Dit liedje, in 1954 door Perry Como op de plaat gezet, hoort bij mijn vroegste herinneringen. Perry Como haakte in op de toen heersende mambogekte. Hij gebruikte daarbij ook de kreten (oeh!) waarmee Pérez Prado, de koning van de mambo, zijn orkest aanvuurde. Nog geen drie jaar oud, stond ik bij de radio vrolijk mee te zingen. Een tante die dat toevallig zag, wilde dat ik het voor haar nog eens zou overdoen. “Toe Peter, doe nog eens oeh!” Ik liet me niet dwingen om, als een aapje, op commando een kunstje te doen. Dat hield ik stug vol, hoe lang ze ook aandrong. Het klinkt misschien vreemd, maar de verstandhouding met die tante is voor mij altijd moeizaam gebleven.

Afbeelding

Als we het over aapjes hebben, die zaten in een kast, in de winkel van Vroom & Dreesmann aan de Heuvelstraat. Daar stond een Bimbo-Box met een aapjesorkest dat begon te spelen als je er een muntje instak. Bij het woord ‘bimbo’ denk je tegenwoordig aan een dom blondje, maar hier zal het nog ouderwets bedoeld zijn als afkorting van het Italiaanse ‘bambino’. Kindervermaak dus, meeliftend op de populariteit van de Latijns-Amerikaanse muziek. Het aapjesorkest speelde de mambo. Na verloop van jaren werden de pittige muziekjes helaas vervangen door schijnbaar willekeurige andere plaatjes. Het gezapige tempo van die nieuwe muziek kwam niet overeen met de geestdriftige bewegingen van de aapjes. De magie was verbroken.

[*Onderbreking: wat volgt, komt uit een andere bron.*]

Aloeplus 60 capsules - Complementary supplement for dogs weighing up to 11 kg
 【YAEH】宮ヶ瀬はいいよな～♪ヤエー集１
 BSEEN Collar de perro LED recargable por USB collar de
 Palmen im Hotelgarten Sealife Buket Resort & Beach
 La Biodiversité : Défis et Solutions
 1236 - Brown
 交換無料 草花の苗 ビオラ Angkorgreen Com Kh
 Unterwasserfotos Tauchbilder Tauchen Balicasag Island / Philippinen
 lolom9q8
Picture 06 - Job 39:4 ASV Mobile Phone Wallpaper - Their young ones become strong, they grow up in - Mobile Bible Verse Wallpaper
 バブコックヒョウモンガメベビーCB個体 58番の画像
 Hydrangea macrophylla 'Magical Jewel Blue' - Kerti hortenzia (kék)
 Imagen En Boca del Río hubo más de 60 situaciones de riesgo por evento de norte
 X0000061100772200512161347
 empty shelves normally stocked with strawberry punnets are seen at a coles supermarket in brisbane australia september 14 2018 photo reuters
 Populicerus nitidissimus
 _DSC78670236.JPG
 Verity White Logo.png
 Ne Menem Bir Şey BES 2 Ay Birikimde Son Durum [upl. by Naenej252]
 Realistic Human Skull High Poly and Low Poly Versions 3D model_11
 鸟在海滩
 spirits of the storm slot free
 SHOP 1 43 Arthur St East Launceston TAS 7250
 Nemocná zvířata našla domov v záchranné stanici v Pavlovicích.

Voor de mambo is ook een rol weggelegd in de musical West Side Story. Om de verfilming uit 1961 te kunnen zien, moest ik doen alsof ik veertien jaar oud was. Dat leugentje pleegde ik aan de Veldhovenring, in wat toen nog de bioscoop Noorderlicht was. Later werd dit, let op de spelling, het poppodium Noorderligt, dat uiteindelijk is opgegaan in 013. Als in de musical alle remmen losgaan, bij het dansfeest in de gymzaal, dan is dat op de tonen van de mambo. Daar begint dan ook de onmogelijke liefde tussen Tony en Maria. Toen aan het einde van de voorstelling de lichten weer aangingen, moesten er eerst tranen worden gedroogd en neuzen worden gesnoten voordat het publiek de zaal kon verlaten.

Op mijn vijftiende jaar vond ik, nog te jong voor ploegendienst in de Tilburgse textielfabrieken, een vakantiebaantje bij De Efteling. Een van mijn taken daar was het bedienen van de oude jeepmolen. Tot mijn grote plezier speelde het draaiorgel in die jeepmolen, als een echo uit het verleden, het nummer ‘Mambo Jambo’ van Pérez Prado. De officiële titel van dat stuk is ‘Qué Rico el Mambo’ oftewel ‘Wat heerlijk die mambo’!